Oddball email addresses probably don't last long anyway as their owners
quickly realize they can't use them to sign up for things and then switch to
something more conventional.

------
tsotha
>Some people, when confronted with a problem, think, “I know, I’ll use regular
expressions.” Now they have two problems.

It was a dumb thing to say when he said it, and it still is. Granted, REs
aren't appropriate for _everything_ , but for some problems they're the right
solution.

>So eschew your fancy regular expressions already. If you really want to do
checking of email addresses right on the signup page, include a confirmation
field so they have to type it twice.

No.

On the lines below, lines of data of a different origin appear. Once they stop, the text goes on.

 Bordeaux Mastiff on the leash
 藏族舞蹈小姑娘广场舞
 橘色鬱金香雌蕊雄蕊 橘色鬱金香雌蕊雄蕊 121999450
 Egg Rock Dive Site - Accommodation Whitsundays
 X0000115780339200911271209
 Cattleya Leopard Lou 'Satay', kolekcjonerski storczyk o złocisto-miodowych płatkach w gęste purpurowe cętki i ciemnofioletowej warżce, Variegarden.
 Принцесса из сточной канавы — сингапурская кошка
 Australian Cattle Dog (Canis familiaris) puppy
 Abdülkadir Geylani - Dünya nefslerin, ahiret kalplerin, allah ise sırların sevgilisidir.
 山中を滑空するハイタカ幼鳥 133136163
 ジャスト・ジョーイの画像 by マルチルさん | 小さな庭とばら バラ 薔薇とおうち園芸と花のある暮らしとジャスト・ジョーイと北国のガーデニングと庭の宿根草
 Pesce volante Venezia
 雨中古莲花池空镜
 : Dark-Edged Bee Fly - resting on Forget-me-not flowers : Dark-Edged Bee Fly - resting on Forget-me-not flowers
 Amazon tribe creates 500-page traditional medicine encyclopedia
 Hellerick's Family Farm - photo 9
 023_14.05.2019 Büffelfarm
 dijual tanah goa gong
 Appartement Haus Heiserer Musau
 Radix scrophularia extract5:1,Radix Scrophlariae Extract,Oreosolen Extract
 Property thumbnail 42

Just no. I hate you and everyone else who thinks this is a good idea.
Don't make me type things twice - the point of computers is to take some of
the grunt work out of life, not to add more.

There's nothing wrong with checking an email address for validity, and there's
nothing wrong with using a RE provided it's correct. You'll miss a whole bunch
of typos, but since you're going to send out a "click to activate" mail anyway
it doesn't matter, and the ones you catch will save the user a bit of time.

------
trips2
This is like trying to tell people to stop typing

    
    
       cat file|program1|program2
    

instead of

    
    
       program1 file|program2
    

It is futile. There are so many examples of programmers just doing mindlessly
stupid things, often because "everyone else is doing it" or they read some
"howto" they found somewhere, or they are using some library written by
someone else.

How many times do you think people use extended regular expressions and
backtracking when it's entirely unnecessary? They often have no idea that
there is even a simpler way that will work (in some cases it might be faster).
They think more complexity is actually making things "easier". Must have PCRE.
Why? "Because I can't get basic regex to do what I want."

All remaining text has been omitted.